— Work to complete —
Print every line below exactly as written, but leave the pictures behind.

— Dataset extract —
------------------------

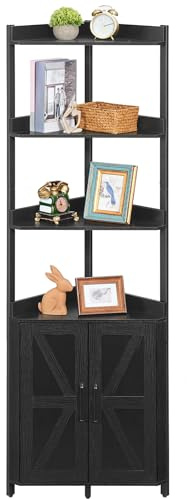 HOOBRO Corner Shelf with Storage, Tall Corner Storage Cabinet, 5-Tier Corner Bookshelf with Protective Fence, for Living Room, Black BB78CJ01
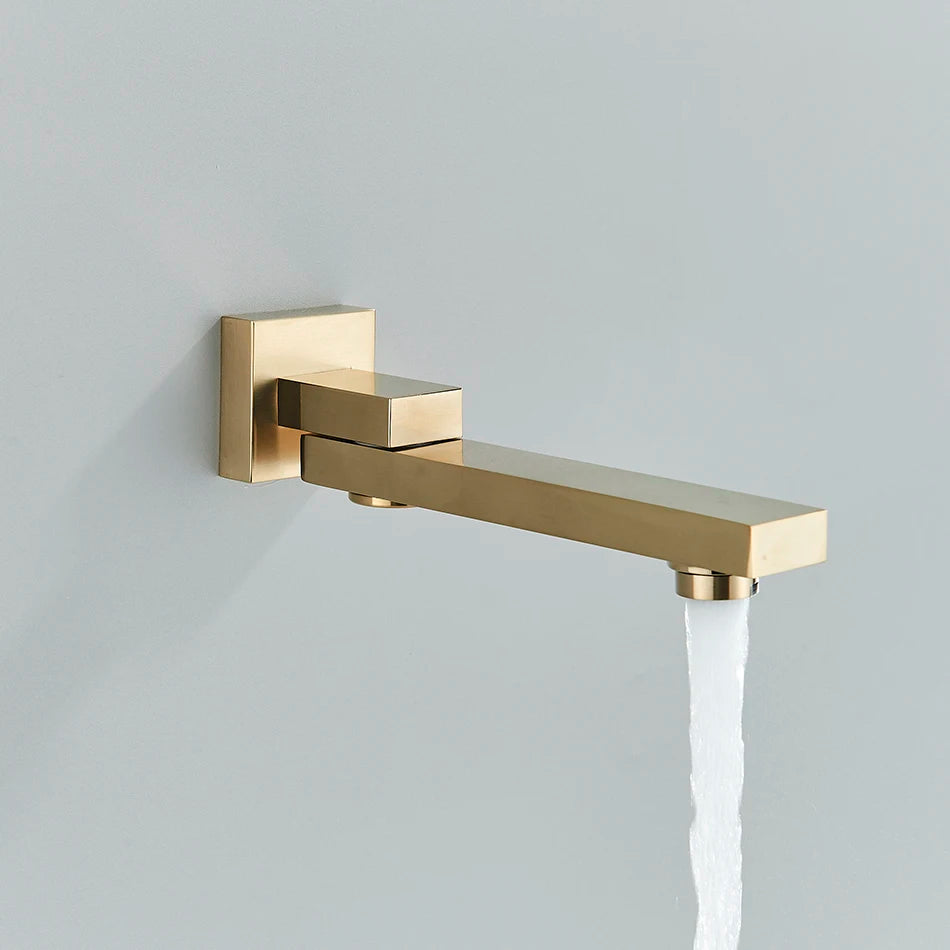 Free Shipping  Bathroom Brass Chrome/Black Bronze Shower Faucet Spout Wall Mounted Swive Bath Spout Bathroom Accessories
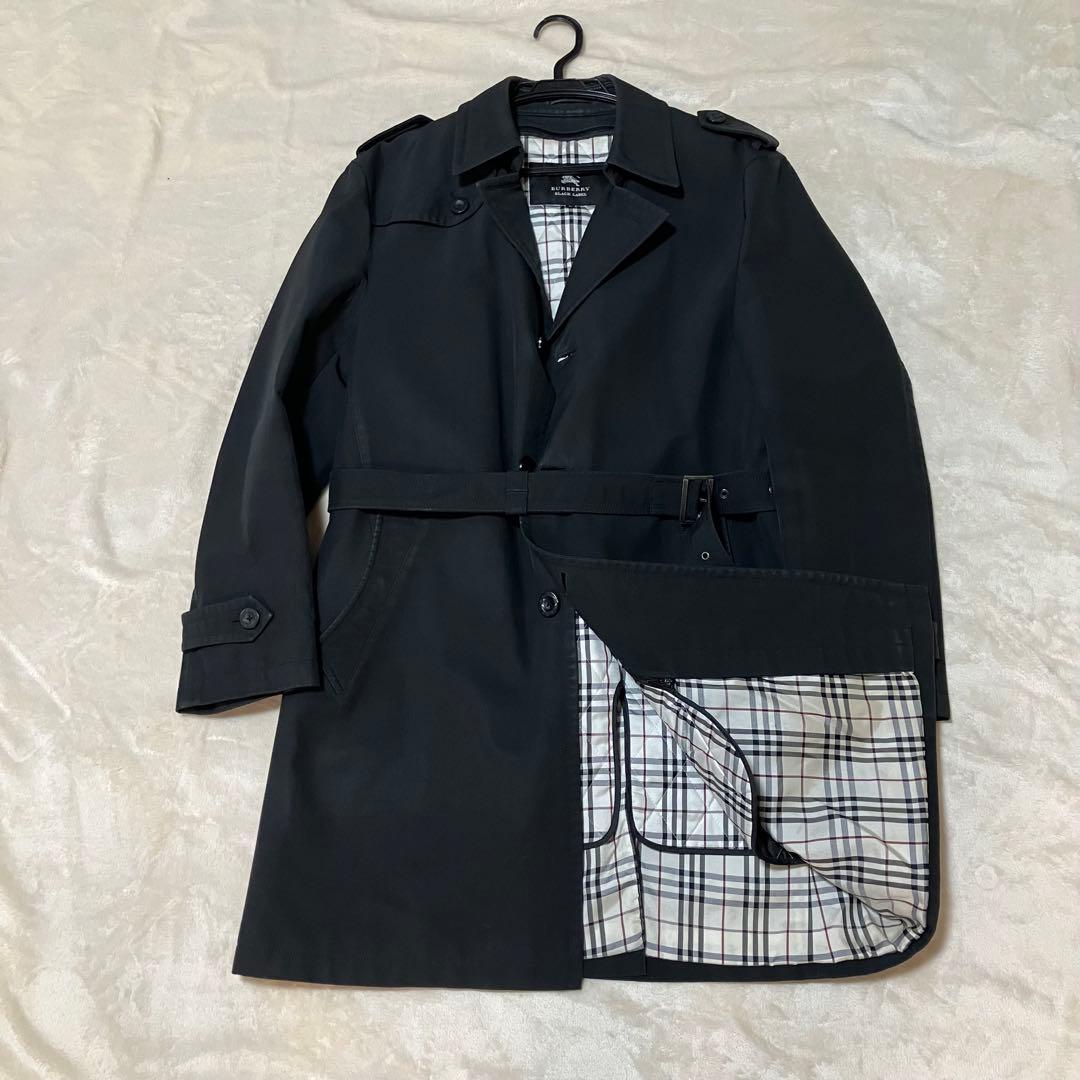 バーバリーブラックレーベル トレンチコート ノバチェック 黒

------------------------

— Result —
 HOOBRO Corner Shelf with Storage, Tall Corner Storage Cabinet, 5-Tier Corner Bookshelf with Protective Fence, for Living Room, Black BB78CJ01
 Free Shipping  Bathroom Brass Chrome/Black Bronze Shower Faucet Spout Wall Mounted Swive Bath Spout Bathroom Accessories
 バーバリーブラックレーベル トレンチコート ノバチェック 黒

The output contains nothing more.